Some women, seeing him arrive, would deliberately plant the rice seedlings sloppily, to see whether he'd take any notice. He was a cadre, of course he took notice, but-his face utterly expressionless-he'd say something like "Careful with your planting," then walk on without pausing. Another woman, seeing him approach, deliberately tripped over and scattered the basket of tea leaves on her shoulders all over the ground, crying out in pain to see whether he'd help her out. He was a cadre, of course he'd help her out, but poker-faced as ever he just lent a hand gathering the tea back into the basket, hoisted it onto her shoulder, then walked on.
He had no sense that there was someone still lying on the ground, still wiping her tears, that this was something of greater importance than tea leaves. He just said "Sorry, got to go"-this was not nearly enough, not by a long shot. Neither did he have any sense that, when women wore clothes more flowery than usual and stuck more cassia or peach-blossom flowers into their hair, this had anything to do with him.

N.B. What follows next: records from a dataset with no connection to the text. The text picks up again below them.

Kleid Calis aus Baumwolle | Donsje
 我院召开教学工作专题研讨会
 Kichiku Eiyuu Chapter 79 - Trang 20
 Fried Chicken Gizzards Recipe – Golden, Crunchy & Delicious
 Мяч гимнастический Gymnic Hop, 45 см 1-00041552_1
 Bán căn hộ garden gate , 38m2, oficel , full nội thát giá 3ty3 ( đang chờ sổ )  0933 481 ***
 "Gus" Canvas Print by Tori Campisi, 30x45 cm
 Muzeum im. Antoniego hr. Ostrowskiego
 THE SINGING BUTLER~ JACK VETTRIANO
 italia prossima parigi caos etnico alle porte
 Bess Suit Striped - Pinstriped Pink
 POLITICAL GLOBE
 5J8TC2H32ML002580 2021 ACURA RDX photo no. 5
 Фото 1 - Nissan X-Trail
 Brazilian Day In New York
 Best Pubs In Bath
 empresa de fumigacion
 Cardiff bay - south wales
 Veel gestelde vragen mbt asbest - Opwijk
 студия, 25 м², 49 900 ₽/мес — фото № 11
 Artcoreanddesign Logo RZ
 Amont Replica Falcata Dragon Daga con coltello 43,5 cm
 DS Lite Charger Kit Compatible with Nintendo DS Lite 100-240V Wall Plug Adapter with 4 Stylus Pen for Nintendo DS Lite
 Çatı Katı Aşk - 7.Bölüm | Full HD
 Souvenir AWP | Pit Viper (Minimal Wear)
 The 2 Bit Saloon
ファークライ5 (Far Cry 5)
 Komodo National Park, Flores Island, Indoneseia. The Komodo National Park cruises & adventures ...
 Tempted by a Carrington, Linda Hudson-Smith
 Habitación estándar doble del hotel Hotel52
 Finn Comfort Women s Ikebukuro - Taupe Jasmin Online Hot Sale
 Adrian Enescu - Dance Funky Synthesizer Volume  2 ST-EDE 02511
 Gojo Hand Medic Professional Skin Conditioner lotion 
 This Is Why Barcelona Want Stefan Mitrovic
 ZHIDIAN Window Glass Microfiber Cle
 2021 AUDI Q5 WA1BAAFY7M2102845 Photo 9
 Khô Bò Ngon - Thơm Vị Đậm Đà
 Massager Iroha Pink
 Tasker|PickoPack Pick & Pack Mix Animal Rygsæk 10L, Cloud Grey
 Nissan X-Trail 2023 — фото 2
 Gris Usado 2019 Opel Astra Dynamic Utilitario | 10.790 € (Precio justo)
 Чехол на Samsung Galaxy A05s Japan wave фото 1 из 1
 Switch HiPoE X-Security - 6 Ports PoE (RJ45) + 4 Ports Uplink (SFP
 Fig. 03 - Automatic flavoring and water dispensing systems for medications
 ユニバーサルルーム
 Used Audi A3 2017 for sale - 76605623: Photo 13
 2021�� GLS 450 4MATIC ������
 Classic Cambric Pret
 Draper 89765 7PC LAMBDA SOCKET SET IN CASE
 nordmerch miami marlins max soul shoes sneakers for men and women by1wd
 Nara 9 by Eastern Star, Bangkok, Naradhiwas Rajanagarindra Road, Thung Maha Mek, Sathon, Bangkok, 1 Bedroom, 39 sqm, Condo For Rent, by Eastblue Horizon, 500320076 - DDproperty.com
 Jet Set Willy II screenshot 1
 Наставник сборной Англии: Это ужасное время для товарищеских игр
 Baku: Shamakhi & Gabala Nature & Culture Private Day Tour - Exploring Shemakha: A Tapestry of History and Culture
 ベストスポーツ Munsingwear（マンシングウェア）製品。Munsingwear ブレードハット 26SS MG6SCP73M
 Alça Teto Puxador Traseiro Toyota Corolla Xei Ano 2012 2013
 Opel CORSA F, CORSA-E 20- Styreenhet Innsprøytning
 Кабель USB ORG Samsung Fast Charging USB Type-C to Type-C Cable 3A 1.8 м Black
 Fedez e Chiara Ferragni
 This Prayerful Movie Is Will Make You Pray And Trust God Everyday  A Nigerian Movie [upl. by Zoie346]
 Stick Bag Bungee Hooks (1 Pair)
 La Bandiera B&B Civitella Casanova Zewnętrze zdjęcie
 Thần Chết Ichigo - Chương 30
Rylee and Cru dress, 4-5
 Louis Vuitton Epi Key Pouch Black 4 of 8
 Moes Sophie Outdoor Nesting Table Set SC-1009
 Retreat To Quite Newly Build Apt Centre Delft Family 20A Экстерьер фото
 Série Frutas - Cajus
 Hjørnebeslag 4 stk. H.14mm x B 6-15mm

"Use your eyes, can't you?" The women became less and less tolerant, and more and more indignant toward his cold arrogance. After a few of the locals had sought out Fucha's mother to ask about marriage and been brusquely rebuffed by Fucha, this indignation gradually took on collective proportions, spreading out from Maqiao to its environs, and became a common topic of conversation throughout the mass of unmarried girls in the area. Somethimes, when they met each other at the market, or at some mass meeting in the commune, there'd be times when they couldn't help huddling around to share their hatred of the enemy, to bad-mouth his flute, his huqin, his milky-white skin. They'd say Maqiao already had one Red-flower Daddy with Uncle Luo, looked like it had a second generation Red-flower Daddy now-no, more likely it'd produced a eunuch the emperor didn't want. They reveled in their outbursts of venom, laughed till the tears fell.